Cette page du site "orthodoxengland" est une curiosité, que je livre comme telle à mes visiteurs. 

Les hiérarques orthodoxes orientaux ont manifesté, et continuent souvent de manifester, une regrettable incuriosité à l'égard des saints occidentaux du premier millénaire. Pourtant, avant le Grand Schisme de 1054, le corps de l'Eglise du Christ était demeuré unique. Mais on a projeté sur cette Eglise de Rome orthodoxe une ombre rétrospective. Pourtant, durant la grande crise arienne, elle est demeurée intrépide, résistant aux pressions et aux menaces des empereurs. On ne devrait pas oublier, par exemple, que c'est auprès d'elle que saint Athanase est venu se réfugier. Et surtout que la proclamation dogmatique de Chalcédoine sur les deux natures du Christ unies en son unique hypostase sans confusion ni séparation est issue du "tome de Léon", c'est-à-dire le traité que saint Léon le Grand fit parvenir au concile. Oui, Rome a longtemps été le refuge de la foi orthodoxe.

Il y a eu en Occident pléthore de saints à l'égal de l'Orient, mais négligés, oubliés par l'orthodoxie patentée. A la seule exception du saint archevêque Jean (Maximovitch) de Shanghaï et de San Francisco (dans le texte auquel je renvoie : saint John the Wondermaker, saint Jean le Thaumaturge), qui était dans des sentiments tout différents. Mais il ne vécut  pas assez longtemps pour redresser la tendance.
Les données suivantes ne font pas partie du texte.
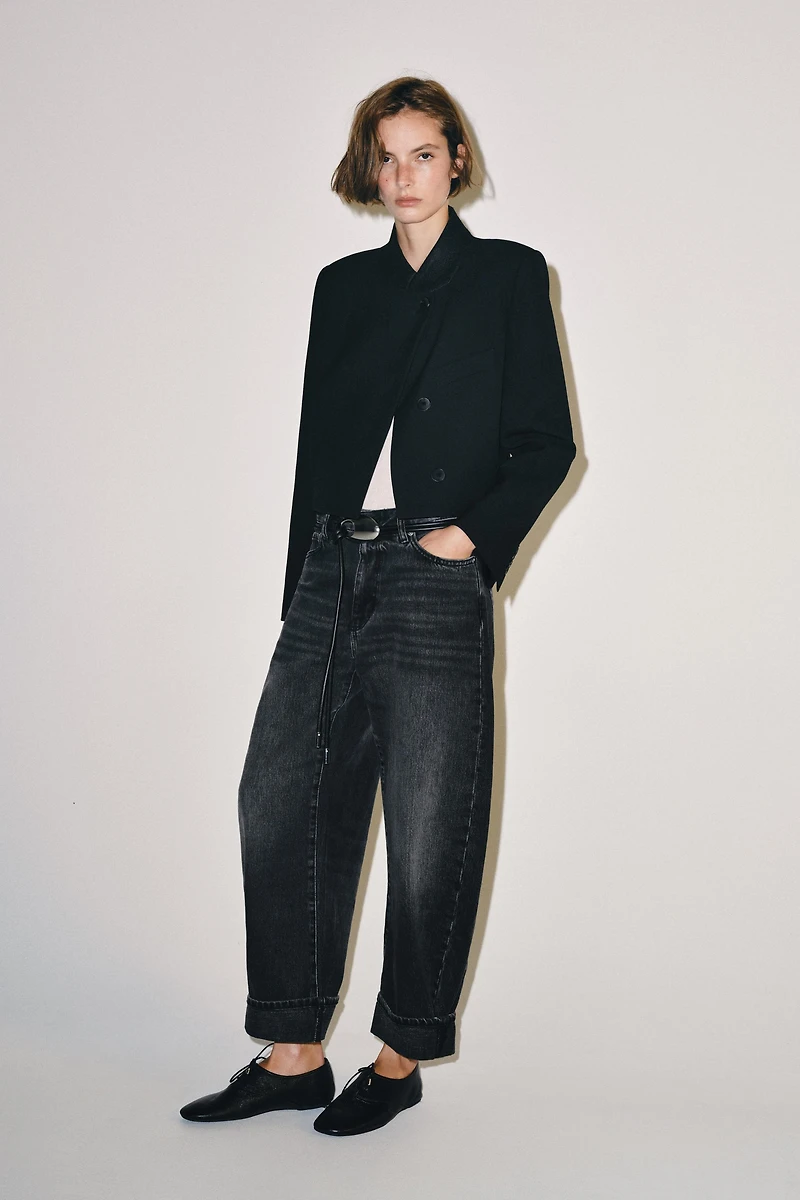 ZW COLLECTION CROPPED BLAZER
D'où l'intérêt de cette entreprise anglaise : Our task here then is to present a catalogue of Latin Orthodox saints, from North-West Africa to the Canary Islands, from Ireland to the Hebrides, from Scandinavia to Poland, from Czechia to Hungary, from Dalmatia to Istria, from Sicily to Malta and all the lands inbetween, including all the lands which then did not exist and were known by different names from those today. Pourquoi "latins" ? Parce qu'entre ces hommes et femmes de tant d'horizons divers, la langue de communication comme aussi de célébration liturgique était le latin.

Si judicieuse que soit cette entreprise, elle a ses défauts. Le principal est de choisir comme limite temporelle la date de 1054 bien que l'auteur du texte souligne son cacactère arbitraire. Or le schisme, quoi que pensent les extrémistes, n'entraîne pas fatalement l'hérésie. Ainsi, pour parler clair, le fait d'adhérer au filioquisme, qui est indubitablement une erreur ecclésiologique et même théologique, ne fait nullement obstacle à la sainteté personnelle. C'est là une opinion personnelle que beaucoup ne partagent pas, mais qui est pour moi une certitude. L'amour et la défense de la vérité ne doivent pas stériliser la charité, ce don suprême de la grâce divine qui s'exerce envers tous sans acception de personne, comme il est dit dans l'Ecriture.

Cela pour expliquer que mon propre catalogue franchit hardiment la barrière de 1054.

Ce texte est intéressant aussi bien qu'utopique par sa proposition de substituer à l'actuelle constitution de l'Europe une autre fondée sur la communions des saints. En voici la conclusion, à laquelle tout le monde n'adhérera pas mais qui mérite attention :

The choice before us is now clear:


A Secular Europe, divorced from God, built on the failed thousand-year experiment of the fallen humanist ruins of Catholicism/Protestantism, in communion with the rest of modern secularism.
An Orthodox Europe, partaking of the Holy Trinity, renewed on the holy two-thousand year reality of the risen spiritual heritage of the Saints of Latin Orthodoxy, in communion with the rest of the Orthodox Church.

We long ago made our choice and pray that others will follow us.